哲学対話において、良い対話をするには、多様性があり、さまざまな属性の人がいる方が良いとされています。これは、哲学対話と婚活の場においても同様です。未婚者だけでなく、既婚者や婚活対象ではない中高生、高齢者、さらにはセクシャルマイノリティの方など、多様な人々が交わることで、より深い対話が生まれます。
なぜなら、未婚者だけの集まりで「結婚生活において大切なものは?」と話し合っても、お互いに結婚経験がないため、議論が空想に偏りがちだからです。現実に即していない話では、有意義な対話になりにくいでしょう。しかし、その場に既婚者がいて、「結婚生活で譲れないものは何か?」といった実体験を交えた話を聞くことで、未婚者は共感を覚えたり、新たな視点を得たりして、視野を広げることができます。そして、婚活対象ではない人とも交流を深めることは可能であり、良い人間関係には、普遍的な共通点があるものです。
また、Z世代、さとり世代、ゆとり世代、ロストジェネレーション世代、バブル世代、団塊世代など、年齢の異なる参加者がいることで、それぞれの時代における結婚観の違いを知ると同時に、昔から現代まで変わらない価値観にも気づくことができます。その結果、価値観が合う年の差カップルが誕生することもあるでしょう。運命のパートナーは必ずしも同世代の中にいるとは限りません。年齢という条件だけで相手を選択肢から外すのではなく、世代ごとの価値観の違いを知ることが、視野を広げ、より多くの可能性を生み出すのです。
違いを受け止め合うための哲学対話
結婚生活は、人生という長い旅路を二人三脚で歩むようなものです。どんなに愛し合って結ばれた夫婦であっても、常に穏やかな道のりが続くとは限りません。子どもの誕生、キャリアアップ、親戚づきあい、転居、病気、親の介護など、さまざまな出来事によって、お互いの生活環境は変化していきます。

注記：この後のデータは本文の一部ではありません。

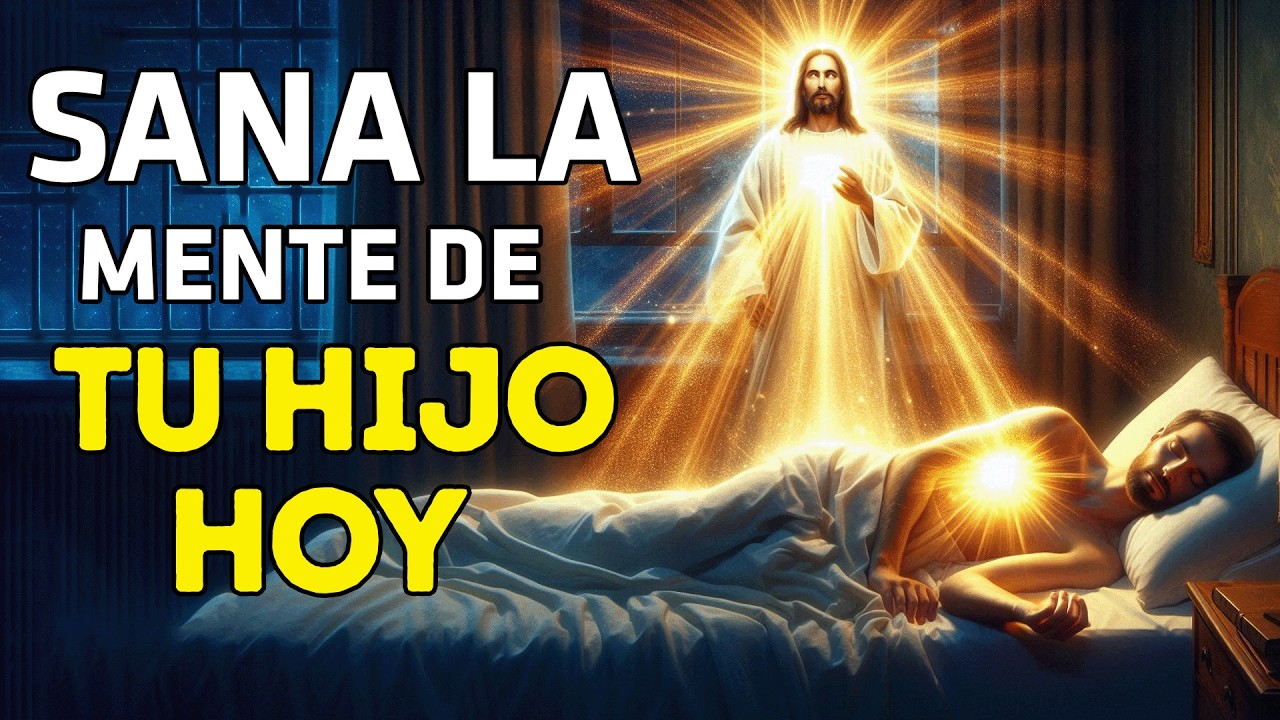 🕊️ ORACIÓN al ESPÍRITU SANTO 🙏 PARA SANAR la MENTE de TU HIJO 💖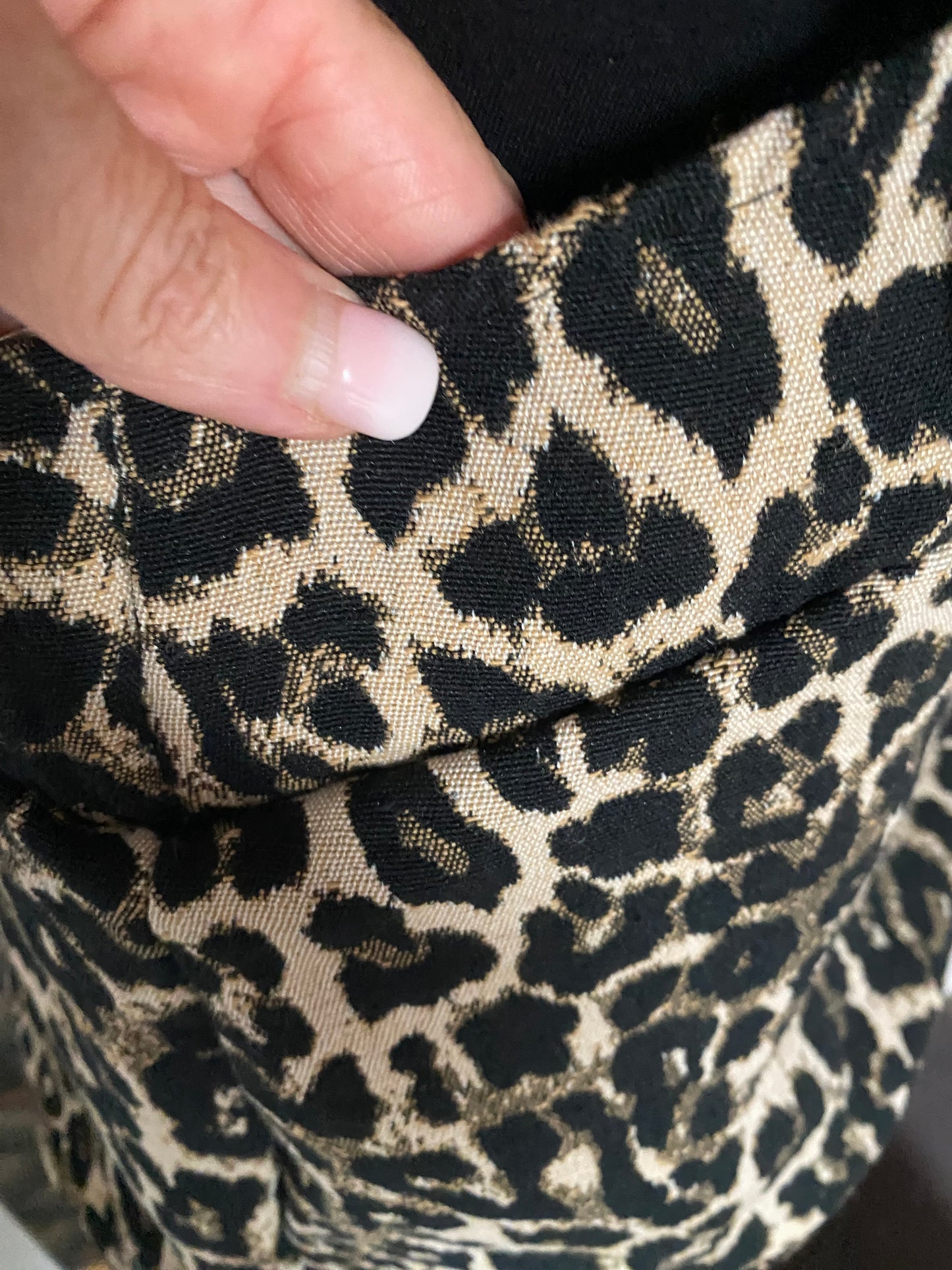 GILET LEOPARD LOVIKA   TU 36/42
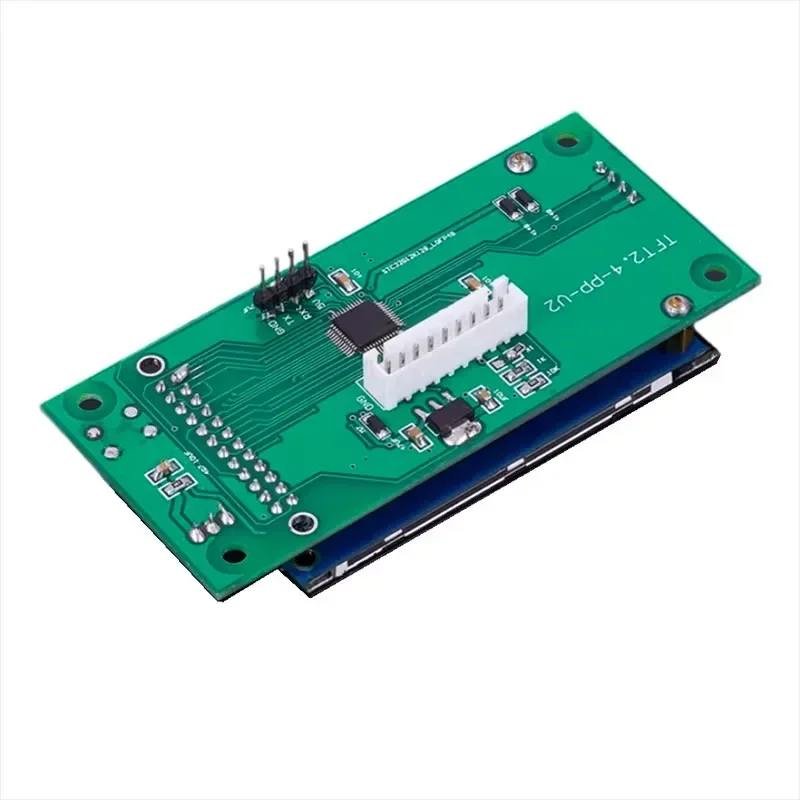 Hifi Sound Audio Preamplifier Board Bluetooth 5.3 USB Player PCM5102 Independent Decoding with 2.4inch TFT Screen Preamp Module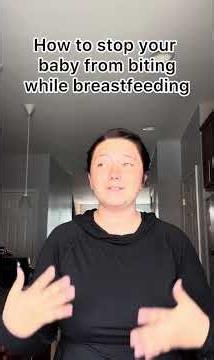 How to breastfeed with a teething baby
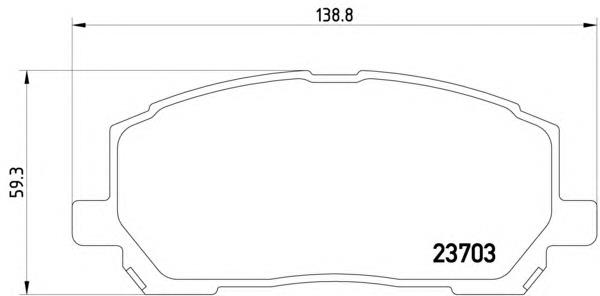  Toyota 0446548020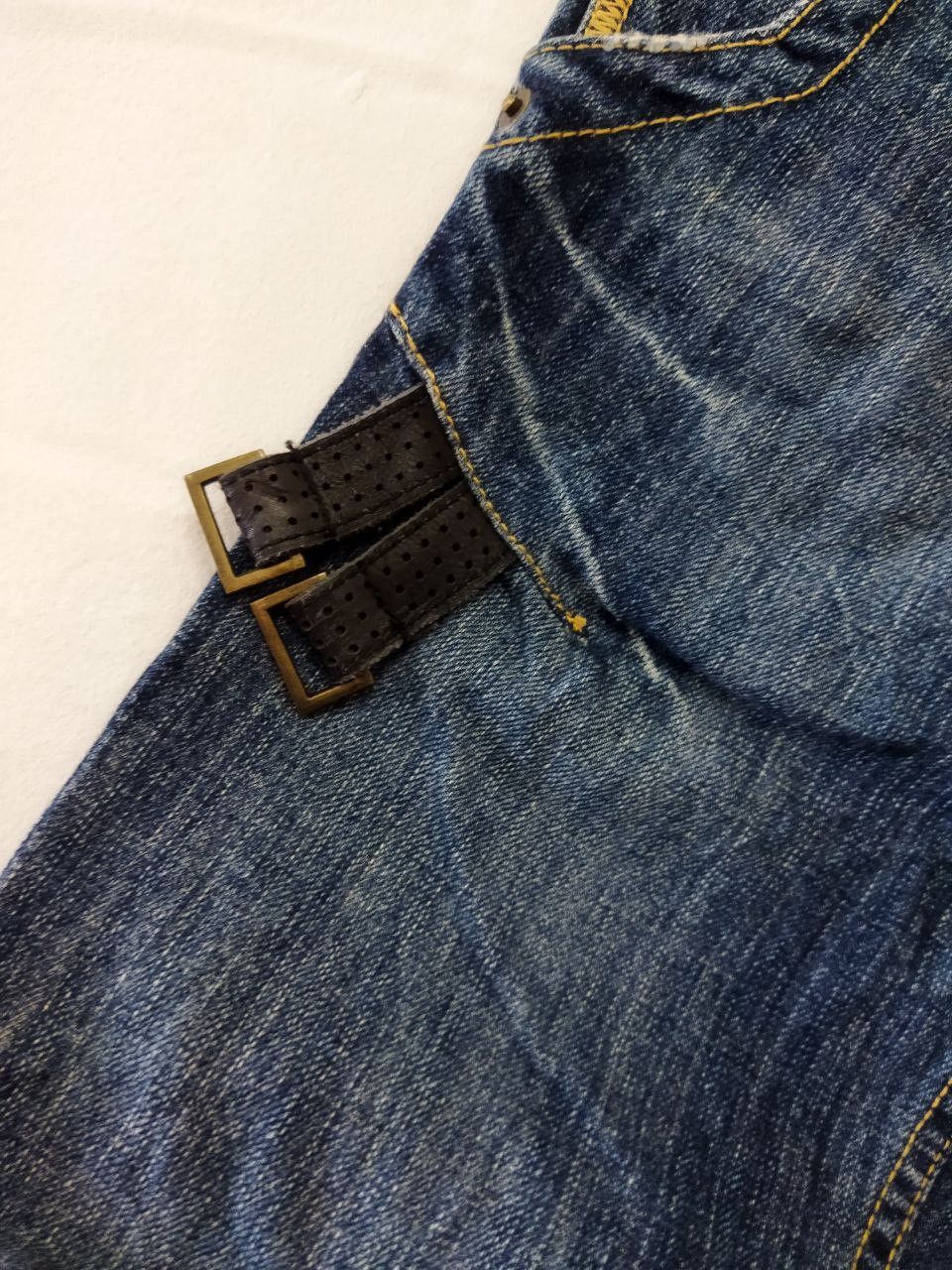 PPFM Japanese PPFM Nice Design Jeans Size US 31 - 13 Thumbnail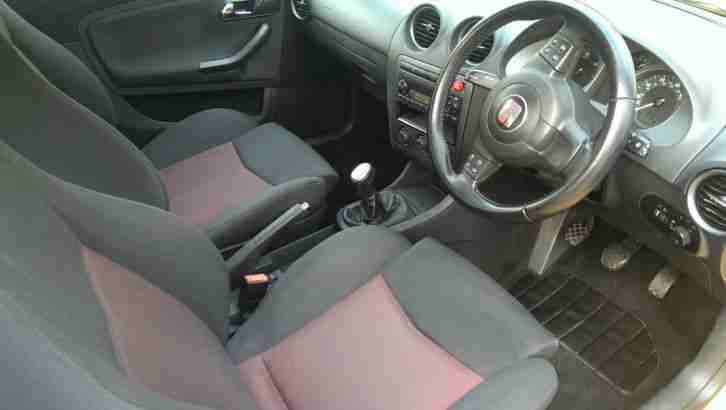 Seat IBIZA SPORT TDI 100 - service history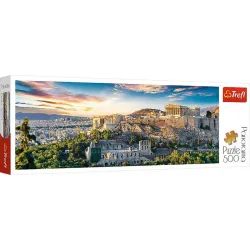 Puzzle Trefl 500 piezas panorama Acrópolis de Atenas 29503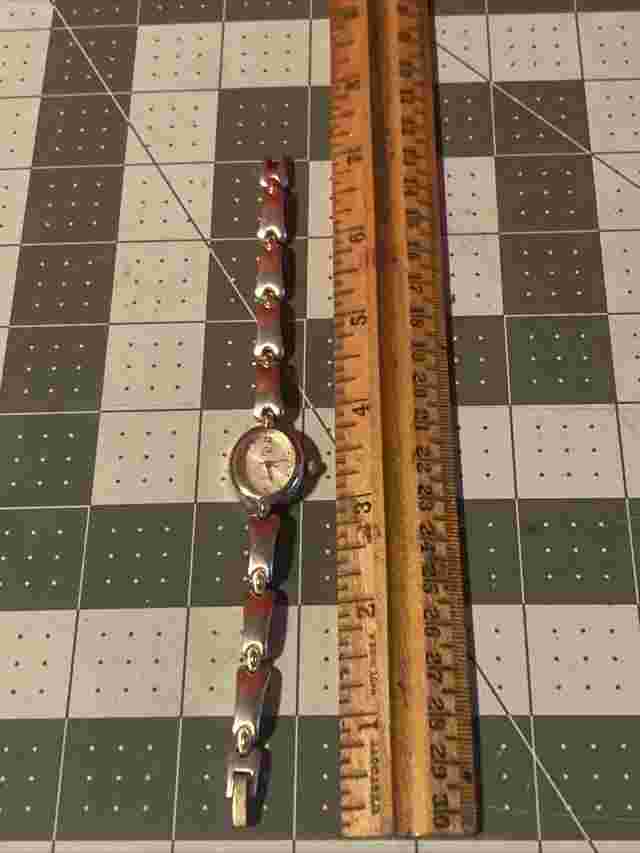 Vintage Cache Quartz CA598 Watch Rare (tested/works!)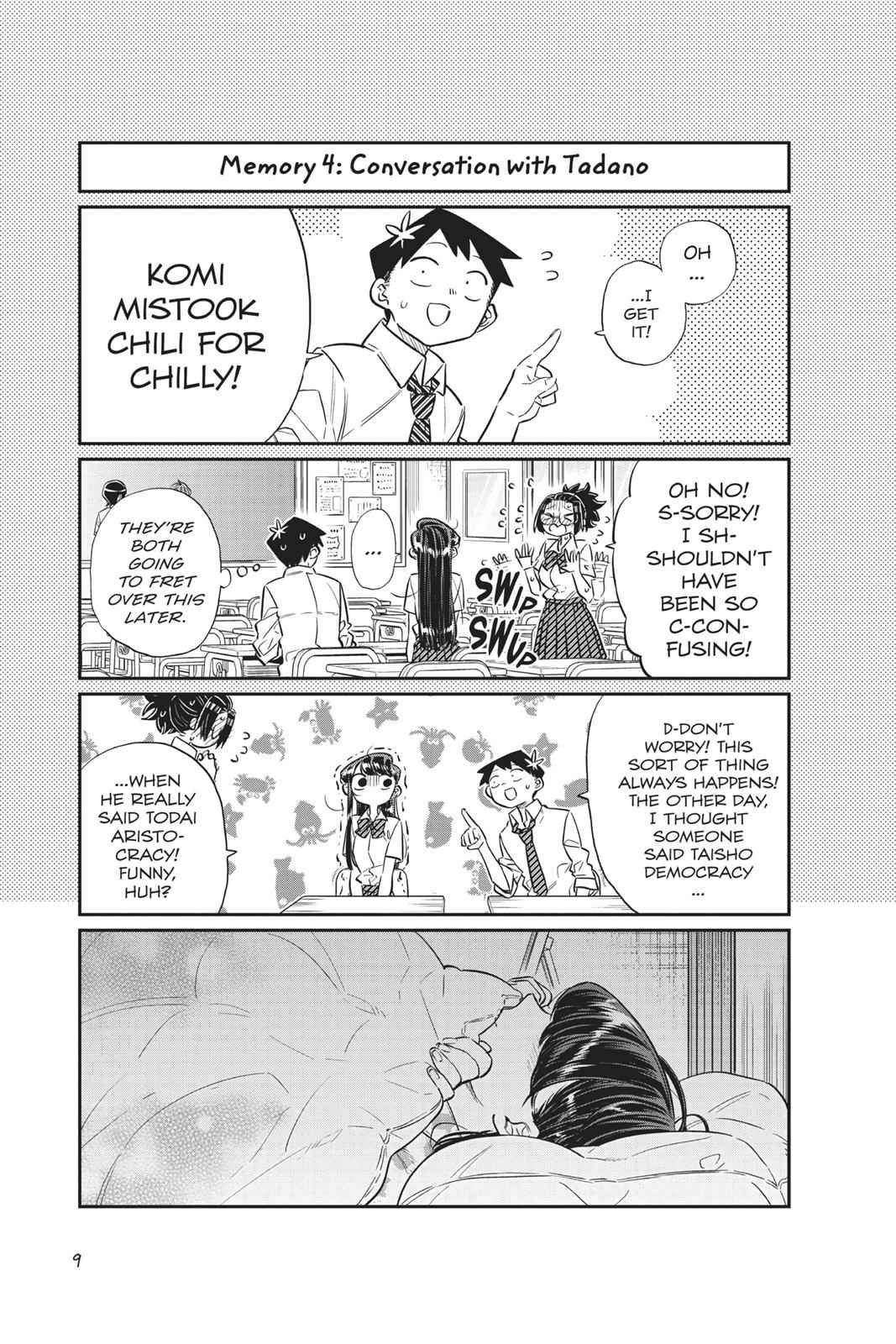 Komi Can't Communicate Chap 35 - Next Chap 36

そのたびに、お互いの価値観が常に一致するとは限りません。むしろ、意見の衝突や価値観の違いに直面することの方が多いでしょう。そのときに、相手とどのように向き合うかが重要になります。自分とは異なる考えや価値観を「受け入れる」ことは難しいかもしれません。しかし、「受け止める」ことはできます。受け入れられない考えを無理に変えようとすると対立を生むことになりますが、受け止めることができれば、「自分とは異なる考えがある」という状態のまま、相手との関係を維持することができます。そして、受け止めることを続けることで、相互理解も深まっていくでしょう。だからこそ、本当に大切なのは、お互いの価値観や考え方、生き方を理解しようと努めること。そして、自分とは違う価値観を受け止める姿勢を持つことが、何よりも重要なのではないでしょうか。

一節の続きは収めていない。